# Airbag suspensions



## humpyflyguy (Sep 10, 2007)

So I bought a new toy hauler last night, when I hooked it up to my ram 1500 it squatted the truck down quite a bit. If any of you have put airbags on your truck, what brands are good and what ones are junk? Dry weight on the trailer is 6300 lbs. gvrw is 9900 lbs.


----------



## Critter (Mar 20, 2010)

Firestone air bags are some of the best out there, and if you want to get fancy you can go with the on board air system where you can level it out in the cab. Is it a bumper pull or a firth wheel? If it is a bumper pull I would also suggest a equalizer hitch. 

Also I would imagine that once you get the trailer and truck loaded you are going to be overweight by quite a bit.


----------



## Fowlmouth (Oct 4, 2008)

Critter said:


> Also I would imagine that once you get the trailer and truck loaded you are going to be overweight by quite a bit.

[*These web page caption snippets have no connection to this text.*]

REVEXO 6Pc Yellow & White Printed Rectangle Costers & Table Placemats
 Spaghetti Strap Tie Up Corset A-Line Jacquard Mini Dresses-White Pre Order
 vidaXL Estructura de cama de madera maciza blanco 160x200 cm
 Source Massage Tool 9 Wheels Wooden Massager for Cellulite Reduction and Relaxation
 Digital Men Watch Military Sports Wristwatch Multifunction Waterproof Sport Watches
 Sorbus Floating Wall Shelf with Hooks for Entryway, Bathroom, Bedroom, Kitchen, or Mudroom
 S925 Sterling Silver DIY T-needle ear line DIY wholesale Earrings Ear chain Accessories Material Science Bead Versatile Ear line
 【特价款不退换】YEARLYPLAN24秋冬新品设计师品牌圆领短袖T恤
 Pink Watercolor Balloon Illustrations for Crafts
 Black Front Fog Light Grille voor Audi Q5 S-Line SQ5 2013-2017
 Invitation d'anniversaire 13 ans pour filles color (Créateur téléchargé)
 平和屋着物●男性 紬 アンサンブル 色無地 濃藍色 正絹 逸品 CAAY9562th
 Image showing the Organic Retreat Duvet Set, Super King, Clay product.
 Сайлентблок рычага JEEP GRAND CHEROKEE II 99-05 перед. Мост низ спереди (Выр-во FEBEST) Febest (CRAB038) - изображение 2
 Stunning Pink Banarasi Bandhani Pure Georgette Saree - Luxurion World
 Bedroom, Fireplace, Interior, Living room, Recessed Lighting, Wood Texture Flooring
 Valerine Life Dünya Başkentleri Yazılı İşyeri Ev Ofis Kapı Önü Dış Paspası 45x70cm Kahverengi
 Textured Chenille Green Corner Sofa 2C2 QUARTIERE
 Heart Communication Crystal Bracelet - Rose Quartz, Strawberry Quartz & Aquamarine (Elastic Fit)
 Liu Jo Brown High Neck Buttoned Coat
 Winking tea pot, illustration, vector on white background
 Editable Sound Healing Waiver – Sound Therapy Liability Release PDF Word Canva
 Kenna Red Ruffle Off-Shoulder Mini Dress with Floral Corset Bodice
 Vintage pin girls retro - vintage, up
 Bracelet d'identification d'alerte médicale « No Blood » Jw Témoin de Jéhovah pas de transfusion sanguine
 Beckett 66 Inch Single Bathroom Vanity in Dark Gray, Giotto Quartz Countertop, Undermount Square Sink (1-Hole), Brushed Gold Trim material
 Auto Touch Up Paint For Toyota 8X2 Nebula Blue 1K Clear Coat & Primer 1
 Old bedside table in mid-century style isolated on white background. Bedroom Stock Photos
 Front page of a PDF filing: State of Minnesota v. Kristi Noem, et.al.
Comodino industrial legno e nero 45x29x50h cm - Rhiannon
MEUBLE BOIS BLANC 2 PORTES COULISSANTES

 I am thinking the same thing. Start adding water, supplies, camping equipment, gear and not to mention the ATV's......You are going to have a load for sure. I know you don't want to hear this, but a 3/4 ton would be more suitable in this situation.


----------



## izzydog (Jan 18, 2008)

I put firestones on my F-150 with the air valve on the bumper, unbelievable difference for towing. I have firestones on my F-250 with the compressor and remote control. Great setup just much more expensive.


----------



## Huge29 (Sep 17, 2007)

You are really pushing your luck with that much weight on a half ton. Equalizer and airbags are required. I got mine on Amazon, sister company if firestone and they are fair.


----------



## humpyflyguy (Sep 10, 2007)

My truck is rated at 10,400 so when completely loaded I will be pushing the weight pretty close, I ordered the airlift 1000 kit today. After reading the specs and reviews I couldn't determine much difference between this brand and the firestone brand. Hopefully the airbags will help, if not I know a half ton that will be up for sale really quick.


----------



## Fowlmouth (Oct 4, 2008)

I hope that works out for you. Let us know what you think after the install.


----------



## Huge29 (Sep 17, 2007)

Air LIft is what I have too, just be sure to inflate before loading and keep the pressure at about 10 psi when not in use.


----------